Methods: Chick faeces were collected from roosts in the Pennines (northern England) and Perthshire (Scottish Highlands) to identify invertebrates eaten. Larval abundance was determined by sweep netting (Pennines) and related to Black Grouse breeding success.

Results: Invertebrates were recovered out of 98 faecal samples from 63 broods. Ants were more numerous in chick diet in Perthshire, with larvae (both sawflies and moths) more numerous in the Pennines. Sawfly larval abundance was positively correlated with Black Grouse breeding success in the Pennines.

Conclusions: Management for Black Grouse should promote high invertebrate abundance to maintain high breeding success. This may be achieved through creating low-intensity grazed moorland fringes to encourage Bilberry, and associated moth caterpillars, adjacent to areas of higher grazing intensity to retain grasses and rushes that host sawfly larvae.

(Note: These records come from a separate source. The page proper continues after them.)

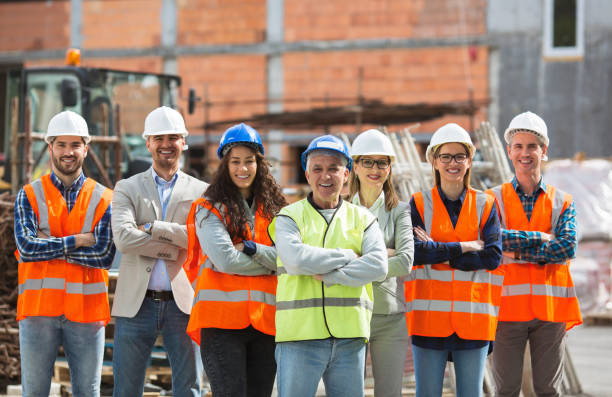 portrait de travailleurs de la construction confiant - preparation tool belt business businessman photos et images de collection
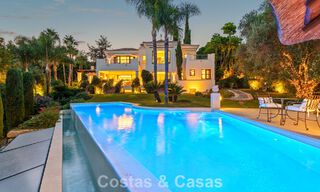 Villa de luxe espagnole remarquable à vendre dans une oasis de verdure sur le Golden Mile de Marbella 798174 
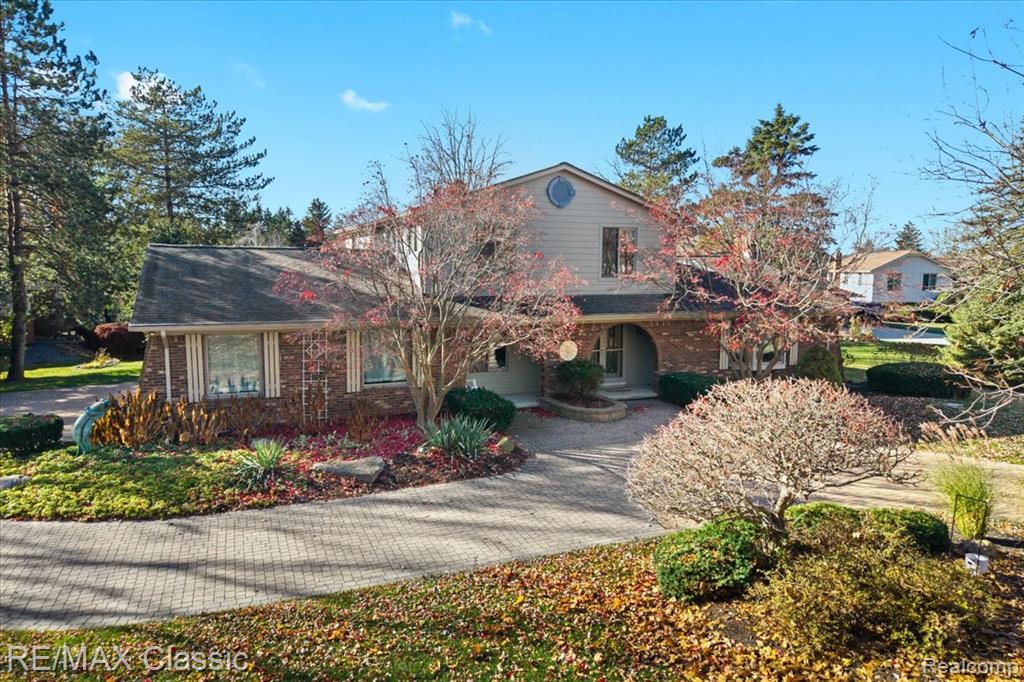 5067 Oakwood Court, Commerce Twp, MI 48382 — Photo 2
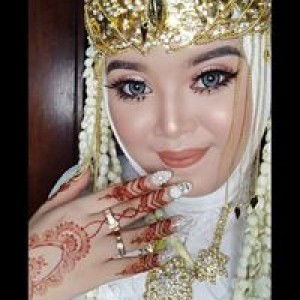 Fauzia Arnis profile icon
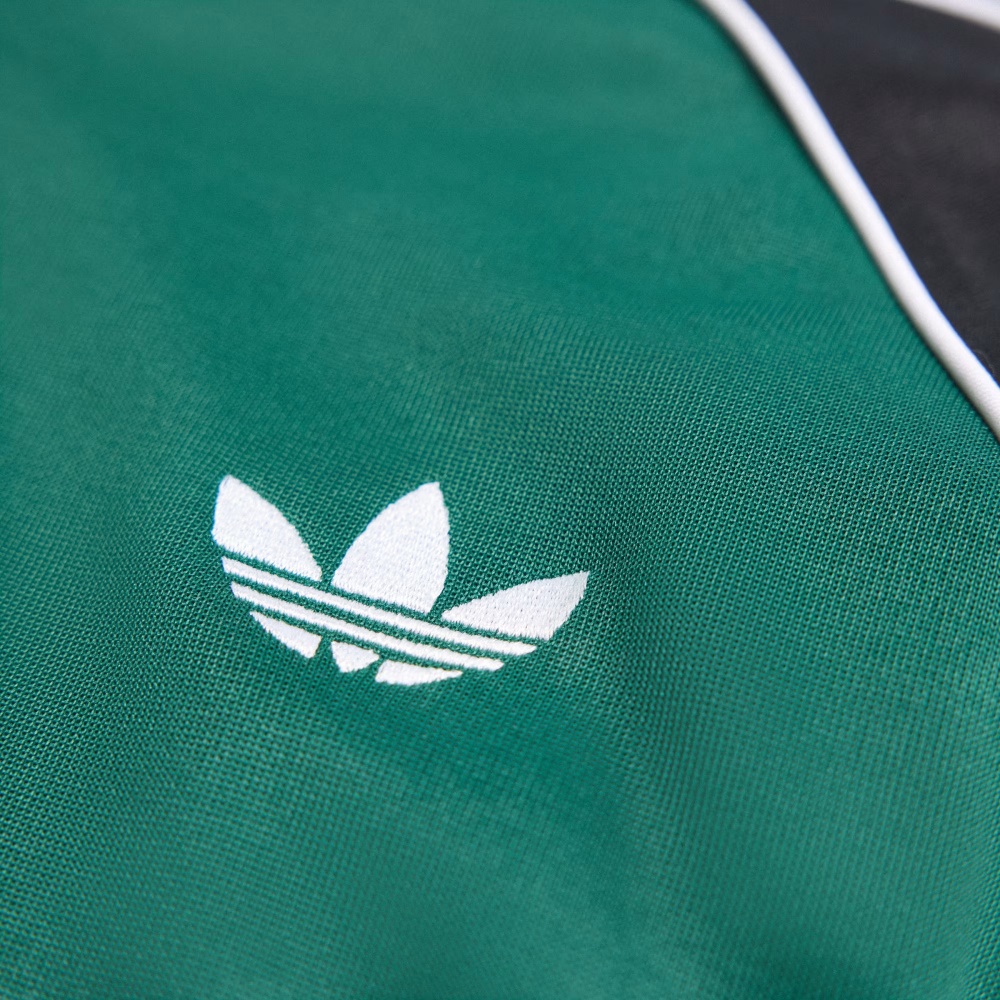 Джемпер Adidas SST TT CGREEN KE3509 р.M зелений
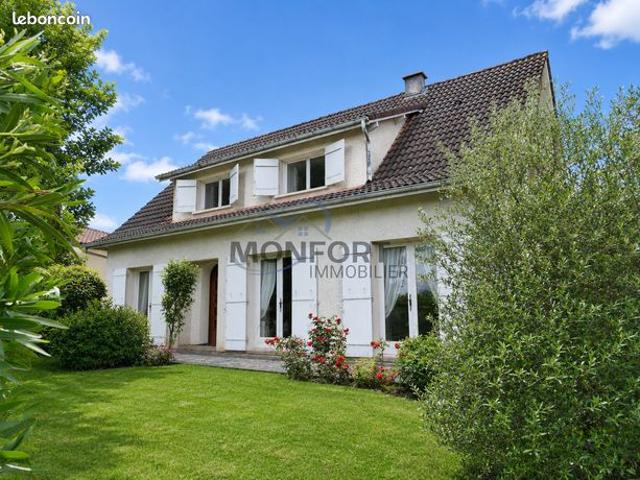 Maison 8 pièces 151 m²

Black Grouse Tetrao tetrix were widespread in the UK 150 years ago, occurring in virtually every county (Gladstone Citation1924, Holloway Citation1996). Since then, there have been large and widespread range retractions, totalling 29% in the 40 years since 1968–72 (Balmer et al. Citation2013). Estimates of UK population size from surveys of lekking males in 1995/96 and 2005 suggest a 22% decline between surveys, from 6510 males (95% confidence limits: 5000–8100) (Hancock et al. Citation1999) to 5078 males (95% confidence limits: 3920–6156). This represented a decline of 29% in Scotland, chiefly in southern Scotland, but only an 11% decline in England (Sim et al. Citation2008), where 86% of the population is now confined to the North Pennine Hills (Warren et al. Citation2015). Such long-term declines have occurred throughout most of temperate Europe south of the boreal zone, where small population sizes and geographic isolation are associated with habitat degradation and fragmentation following both changes in human land-use and increasing predator numbers, which appear to limit the chances of Black Grouse survival and recovery (Storch Citation2000).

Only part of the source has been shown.